Well, "(hard)linking" doesn't really exist in Java. It means that you include the dll (dynmaic lib) into your exe, by telling the compiler to do so.
I've seen it twice from confirmed sources @ gnu that - specifically for java - the LGPL does NOT mean "linking" it means something more general that basically means all java automatically is linking whether you like it or not UNLESS you use JET and do a native-code compile.
My advice? If you want to use LGPL tech, email the author and get him to state his personal intent w.r.t the LGPL applicability, and then *print the email*. This does have legal validity should someone try to bite you in the future; although the extent to which it would protect you varies according to circumstances.
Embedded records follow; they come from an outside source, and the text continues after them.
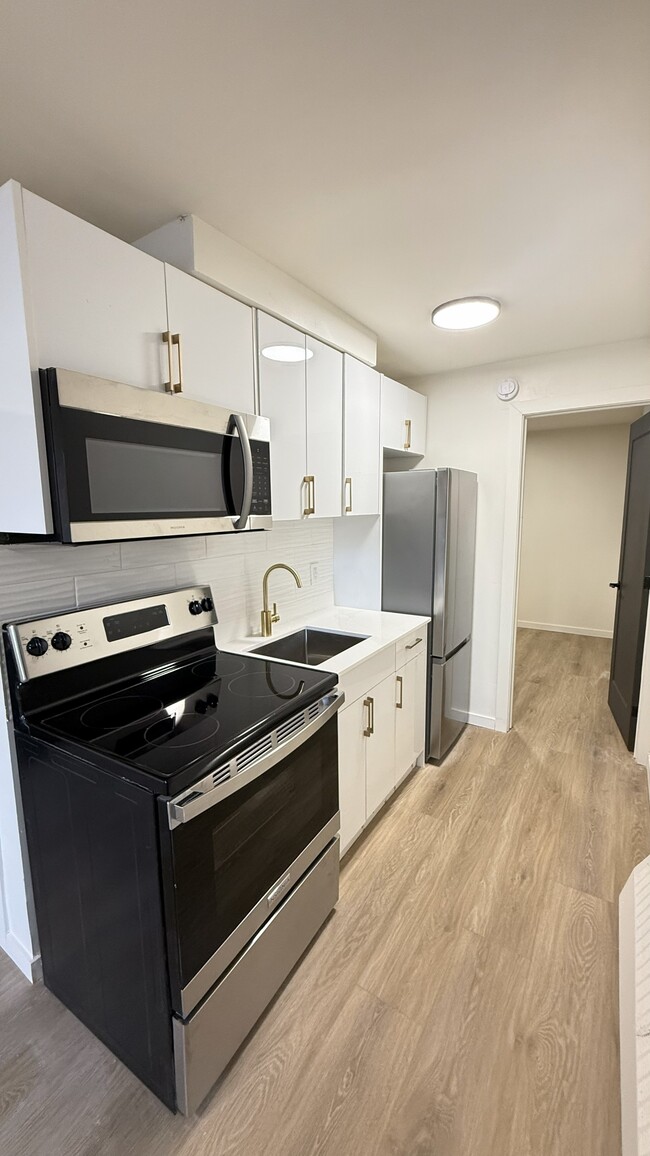 Building Photo - 60 Triller Ave Unit 1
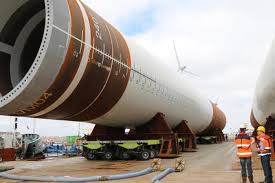 Built in standardized dimensions and indefinately compatible these modules are able to move weights way over 10.000 tons, all at the tip of a joystick. 1300 Tonnen Weltgrosstes Monopile Auf Selbstfahrern Von Scheuerle Bewegt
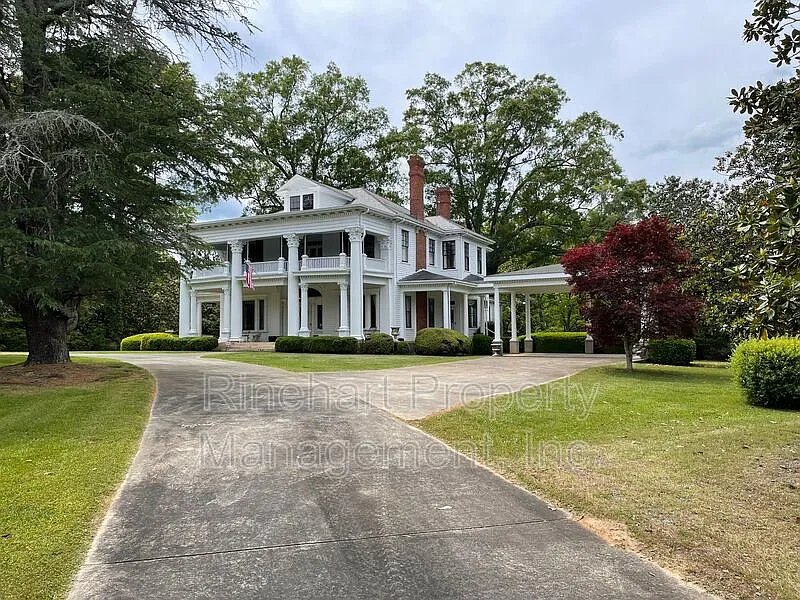 5 bed, 3.5 bath, 4667 sqft, $4,500 — Photo 2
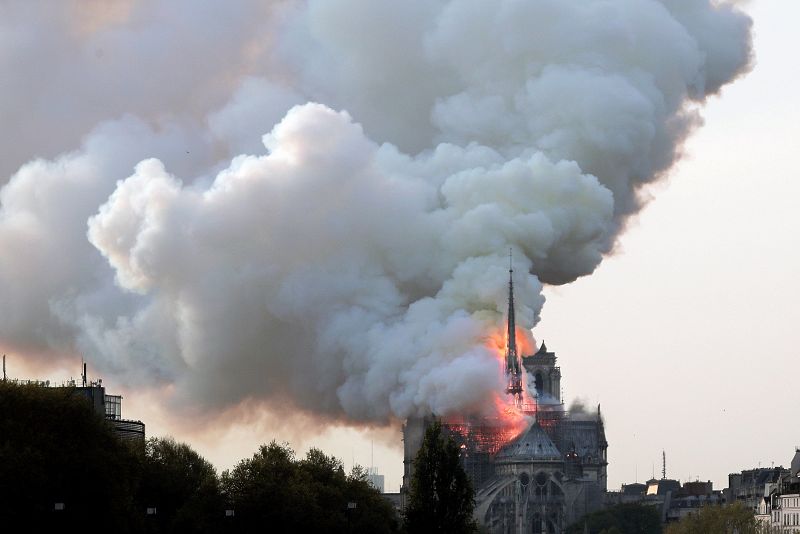 La catedral de París, uno de los monumentos más emblemáticos de la capital francesa, está sufriendo un importante incendio.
Most authors whom I've emailed have clearly intended not to be mean draconian gits, and are very nice about the whole thing.
Then again, the official channels (IIRC a particular contact address for license queries?) for answering GPL questions *allegedly* have given self-contradictory advice in the past before, and maybe I've seen a mistake. Twice.
The whole thing is utterly flipping ridiculous IMNSHO (the license doesn't mean what it says [hmm; bet they're glad it's never come to court, then], simply because the people writing it were too incompetent to think about more than one language when writing it) and it was the last straw in my realising that the last thing any developer should do is release under a *GPL license - I release everything under BSD, MIT, or similar; anything but the GPL's.
FWIW I'm pretty sure that LGPL has a valid legal literal interpretation when applied to java that basically means you can screw the intent of the licensor. Idiots. Plain idiots.